Porém, apesar dos cuidados dispensados aos cães, há quem diga que as corridas prejudicam a saúde de alguns dos animais. Uma carta endereçada ao The New York Times comentou a alegação da Sociedade Protetora dos Animais, dos Estados Unidos, de que alguns cães não conseguem terminar a prova e que alguns até mesmo acabam morrendo por se exigir demais deles. Declarou que boa parte da responsabilidade por isso se deve aos altos prêmios em dinheiro oferecidos pelos patrocinadores.
Quatro classes de cães
Que tipo de cão é esse que consegue manter o passo e parece até gostar disso? Qualquer cachorro, com o devido adestramento, pode puxar um trenó. Mas, no Alasca, segundo Lorna Coppinger, autora do livro The World of Sled Dogs (O Mundo dos Cães de Trenó), os cães usados para corrida normalmente pertencem a um dentre quatro tipos primários: o malamute do Alasca, o husky siberiano, o husky do Alasca e o cão de aldeia, ou indiano.

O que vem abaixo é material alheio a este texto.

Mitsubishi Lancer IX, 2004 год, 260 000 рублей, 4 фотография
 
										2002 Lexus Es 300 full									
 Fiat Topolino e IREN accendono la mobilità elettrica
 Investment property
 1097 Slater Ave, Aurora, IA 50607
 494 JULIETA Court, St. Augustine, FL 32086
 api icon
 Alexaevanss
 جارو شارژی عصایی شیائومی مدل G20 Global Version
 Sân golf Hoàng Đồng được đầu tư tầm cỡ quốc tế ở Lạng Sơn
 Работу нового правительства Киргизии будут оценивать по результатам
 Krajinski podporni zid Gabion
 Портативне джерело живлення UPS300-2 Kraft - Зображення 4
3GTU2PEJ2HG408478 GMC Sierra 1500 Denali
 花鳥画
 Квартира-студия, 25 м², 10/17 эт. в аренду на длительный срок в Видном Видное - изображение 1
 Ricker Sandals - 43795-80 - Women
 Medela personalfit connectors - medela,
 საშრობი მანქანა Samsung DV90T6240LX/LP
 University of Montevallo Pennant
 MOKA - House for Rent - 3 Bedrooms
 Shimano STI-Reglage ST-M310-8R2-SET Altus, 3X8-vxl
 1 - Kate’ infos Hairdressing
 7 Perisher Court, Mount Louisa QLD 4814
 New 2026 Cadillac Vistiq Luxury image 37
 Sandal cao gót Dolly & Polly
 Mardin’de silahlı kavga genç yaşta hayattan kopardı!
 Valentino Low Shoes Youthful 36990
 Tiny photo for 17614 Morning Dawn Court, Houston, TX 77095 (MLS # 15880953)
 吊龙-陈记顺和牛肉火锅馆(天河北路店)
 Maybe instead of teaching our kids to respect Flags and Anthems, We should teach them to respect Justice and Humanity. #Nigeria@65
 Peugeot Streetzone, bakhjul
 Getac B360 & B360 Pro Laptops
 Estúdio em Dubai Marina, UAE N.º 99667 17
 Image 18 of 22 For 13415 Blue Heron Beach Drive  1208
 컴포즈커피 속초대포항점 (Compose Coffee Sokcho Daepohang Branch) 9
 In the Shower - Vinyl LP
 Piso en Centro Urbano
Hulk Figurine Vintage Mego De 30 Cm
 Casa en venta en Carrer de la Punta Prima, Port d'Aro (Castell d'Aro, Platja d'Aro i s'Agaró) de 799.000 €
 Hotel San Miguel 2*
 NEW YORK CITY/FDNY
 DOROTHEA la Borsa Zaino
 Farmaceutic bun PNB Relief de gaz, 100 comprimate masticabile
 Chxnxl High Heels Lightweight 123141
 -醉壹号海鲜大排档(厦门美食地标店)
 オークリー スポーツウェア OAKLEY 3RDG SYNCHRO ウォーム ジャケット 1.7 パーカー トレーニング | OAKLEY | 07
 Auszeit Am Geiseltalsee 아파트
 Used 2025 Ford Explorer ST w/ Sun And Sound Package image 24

1) O malamute do Alasca é claramente uma raça, próprio do Ártico. Exploradores russos descobriram o malamute na tribo nativa Inuit, do estreito de Kotzebue, povo então conhecido como Mahlemut ou Malemiut. Essa raça é corpulenta e muito forte. Mostrou-se excelente para o transporte de cargas pesadas durante a época da corrida do ouro. Sua velocidade, um tanto menor, é compensada por sua tremenda força e resistência.
2) O husky siberiano, em geral de olhos azul-claros, também é reconhecido como uma raça. É pequeno, inteligente e ligeiro e tem muitas características bem-definidas. Foi introduzido no Alasca em 1909 por um vendedor de peles russo, que inscreveu sua equipe de dez huskys no segundo All-Alaska Sweepstakes.
3) O husky do Alasca não é considerado uma raça, mas é reconhecido como um tipo distinto, com vários traços característicos. É uma mistura de cães do hemisfério norte e deriva seu nome de uma palavra nativa para esquimó — husky ou huski — que significa “comedor de carne crua”. Nome nada inadequado considerando que os mushers do hemisfério norte, no passado, usavam basicamente peixes secos para alimentar suas equipes.
4) O cão indiano, ou de aldeia, atualmente o cão de trenó mais usado nas corridas do Alasca, é meio indefinível. É o produto de anos de cruzamento seletivo do pool genético existente na área do povoado em que ele se desenvolve. Pode fazer um quilômetro em quase dois minutos e correr 30 quilômetros a mais de 27 quilômetros por hora e ainda ter forças para aguardar a corrida do dia seguinte, com expectativa. Embora para alguns sua aparência não seja das mais imponentes, ele é bonito para o musher, se tiver a andadura certa.
A chegada
A Iditarod não termina com a chegada do vencedor. Pode levar ainda outros oito a dez dias antes de a corrida ser dada oficialmente por encerrada e o prêmio Lanterna Vermelha ser entregue ao último musher a cruzar a linha de chegada. O símbolo da lanterna vermelha foi tirado do tempo da ferrovia, quando uma lanterna vermelha era pendurada no último vagão do trem.
Ao refletirmos na Iditarod, ficamos impressionados com o trabalho em equipe realizado pelo homem e o cão, que torna possível uma viagem de mais de 1.800 quilômetros, em terreno extremamente difícil e sob clima inóspito. E algumas equipes fazem tudo isso em cerca de dez dias e meio. Ficamos impressionados também com a capacidade física e mental de que o Criador dotou o homem e os animais, permitindo-lhes realizar tal feito.